J’exècre le mot orientalise, j’ai fait mon mémoire là- dessus. Un mémoire sur la liberté d’expression des femmes musulmanes. Après, tout dépend de la manière dont le travail est fait. J’ai bien étudié ce sujet. Je pense même faire mon doctorat là-dessus, sur la femme musulmane dans l’art contemporain. Je pense que je vais suffisamment m’y plonger pour essayer au maximum de me détacher de l’image orientaliste qu’on peut avoir.

Je suis avant tout une jeune fille qui travaille sur une problématique liée à ses racines, sur quelque chose qui m’est personnel.
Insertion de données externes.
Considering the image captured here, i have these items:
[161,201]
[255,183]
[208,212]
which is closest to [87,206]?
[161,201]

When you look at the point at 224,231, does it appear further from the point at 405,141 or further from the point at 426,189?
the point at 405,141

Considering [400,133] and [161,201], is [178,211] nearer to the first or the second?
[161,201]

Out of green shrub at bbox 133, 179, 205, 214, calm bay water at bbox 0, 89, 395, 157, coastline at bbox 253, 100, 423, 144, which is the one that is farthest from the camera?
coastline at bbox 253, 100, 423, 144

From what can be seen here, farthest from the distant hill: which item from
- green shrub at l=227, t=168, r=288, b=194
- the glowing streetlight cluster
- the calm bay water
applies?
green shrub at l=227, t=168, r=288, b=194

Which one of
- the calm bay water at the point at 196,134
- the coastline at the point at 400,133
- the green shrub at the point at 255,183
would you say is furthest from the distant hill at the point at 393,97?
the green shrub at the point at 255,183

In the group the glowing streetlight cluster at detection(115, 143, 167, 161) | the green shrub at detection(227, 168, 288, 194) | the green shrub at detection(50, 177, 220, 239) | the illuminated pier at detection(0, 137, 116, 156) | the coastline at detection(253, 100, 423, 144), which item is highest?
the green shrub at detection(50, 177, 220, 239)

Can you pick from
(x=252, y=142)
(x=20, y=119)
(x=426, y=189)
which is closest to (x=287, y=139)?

Je ne suis pas Française, mais Franco-Algérienne. j’ai fait la démarche de venir en Algérie toute seule, à Alger, ne connaissant quasiment personne à Alger, je ne laisserai absolument à personne dire que je suis orientaliste car j’exècre toute cette mouvance, il y a eu de très belles peintures, je ne dénigre pas le travail qui a été fait mais je dénigre ce qu’on a montré, la vision qu’on a faite de la femme, la manière dont on a stigmatisé la femme.

On l’a mise dans un harem, dans des espèces de cages dorées. Et j’ai énormément étudié la photo de cette époque-là, les cartes postales que tous les photographes français ont ramené, notamment autour de la pornographie infantile etc. Je ne suis pas du tout dans cette démarche-là, c’est-à-dire que j’ai cherché à avoir un fond neutre, à ne pas travailler dans l’environnement de ces femmes pour justement qu’on ne parle pas d’autre chose que de ces femmes-là et de leur histoire avec le voile, la religion, la tradition ou l’esthétique c’est tout.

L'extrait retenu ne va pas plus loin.